What a communist document should do above all is to concretise, meaning that it should bring all of the empirical, abstract facts and circumstances into the ordered, organic form of a unity-and-struggle-of-opposites, that shows clearly the internal dynamic of the system under examination.

Only then can communists, as such, speak of communist intervention in a system.

Instead, this document ponders whether there may be “gaps” that need to be filled, and then it proceeds to offer a long, eclectic, bullet-pointed shopping list of things that might be done.

Communists should not be trying to work this way (i.e. filling gaps).

The concluding paragraph of the document includes a disclaimer: “Due to the enormity of the task not all areas regarding all the issues raised in this paper could be exhaustively dealt with.”

This is an admission by the author that his or her conception of Rural Development is disorderly and not synthetic or concrete. This is not good enough as preparation for a policy-forming debate.

The following paragraph, full of conceptual errors, is a good indication of where the comrade is going wrong:

“As a starting point and a short-term strategy towards linking industrial strategy, the economic policy and agrarian and land reform programme referred to above, there are some things that can be done to improve land and agrarian reform approaches and strategies.”

A strategy is not a starting point; a strategy works towards a goal, or end-point.

Strategy is not short-term, but long-term; tactics are short-term means to the strategic, longer-term end.

“Strategies”, in any particular case, are not plural, but singular; there might be many possible tactical roads to take, but the strategic goal should be one.

These are unfortunately quite common errors within our South African discourse.

As for Rural Development in particular, South Africa seems to lack scholars who are prepared to study experience elsewhere. The logo above represents one of thousands of Rural Development agencies and institutions around the world that are apparent on the Internet. It is from the Government of Karnataka, Rural Development and Panchayat Raj Department.

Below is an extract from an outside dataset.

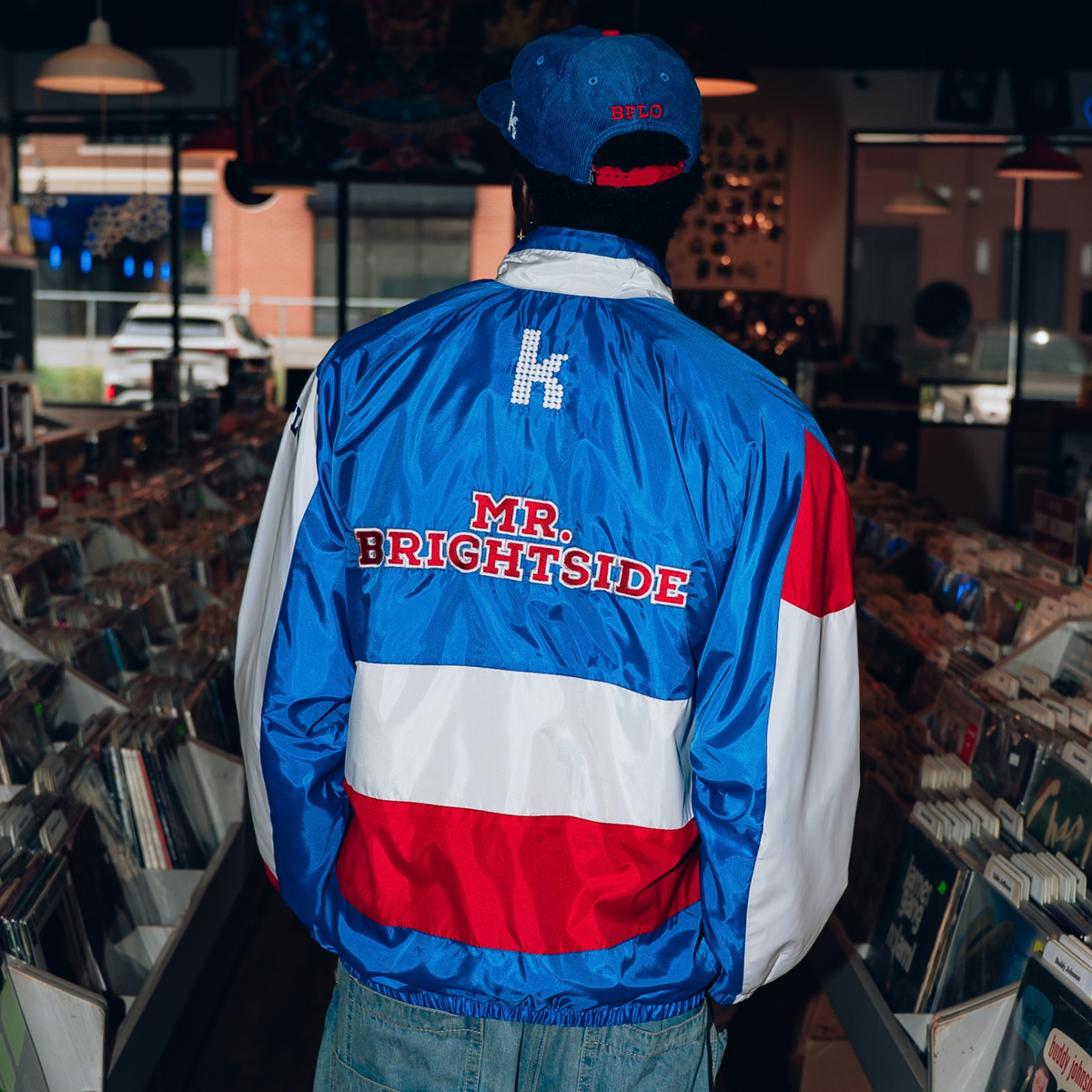 The Killers x The BFLO Store color-blocked chute jacket with MR. BRIGHTSIDE lettering and K emblem on back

Karnataka is a state in India.

As overseas, so also within the country, there is a large amount of experience, which is not apparent in the discussion document.

The document, without supporting argument, is finally concluded with an admirable slogan: Build People’s Land Committees, Build People’s Power!

Yet, after nearly 16 years since the democratic breakthrough of 1994, and after 20 years of restored communist legality in South Africa, our sole discussion document on Rural Development has no mention of any actual People’s Land Committees, or of any organic intellectuals leading such committees.

Although a moment’s thought recalls that the Food and Agriculture Workers’ Union (FAWU), which contains many Party members, is involved at the rural grass roots, and that the SACP itself with its 96,000 members includes many in rural areas, yet there is no account of our practical political experience in this document.